EGI DataHub Zarr Toolkit - Examples - RiOMar Project – Coastal Water Quality Anticipation to manage coastal zone ecosystem responses for biodiversity conservation

This notebook demonstrates how to use the egi_datahub_zarr toolkit to read and write Zarr v3 stores directly from/to EGI DataHub.

Setup¶

Get an access token from https://datahub.egi.eu (Tokens → Create new access token)
Set the EGI DATAHUB Token in the file “egi-datahub-token” (in your home directory)
Import the toolkit

# Import the toolkit
from egi_datahub_zarr import DataHubClient, open_zarr, to_zarr
import xarray as xr
import numpy as np
import os

Initialize Client¶

# Create client (uses DATAHUB_TOKEN env var)
token = open(os.path.join(os.environ['HOME'],"egi-datahub-token")).read().rstrip()
os.environ["DATAHUB_TOKEN"] = token

client = DataHubClient(token)

# Check connection
user = client.get_user_info()
print(f"Connected as: {user.get('name')}")

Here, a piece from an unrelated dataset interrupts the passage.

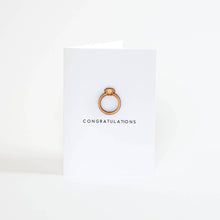Load image into Gallery viewer, Engagement Congratulations Greetings Card with 3D Ring Motif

Connected as: Anne Fouilloux

List Spaces and Browse Files¶

# List available spaces
spaces = client.list_spaces()
print("Available spaces:")
for name, info in spaces.items():
    print(f"  📁 {name}")

Available spaces:
  📁 Pangeo
  📁 notebooks-shared
  📁 PLAYGROUND
  📁 Reliance
  📁 open-datasets

# Browse a directory
items = client.list_directory("Reliance/FAIR2Adapt")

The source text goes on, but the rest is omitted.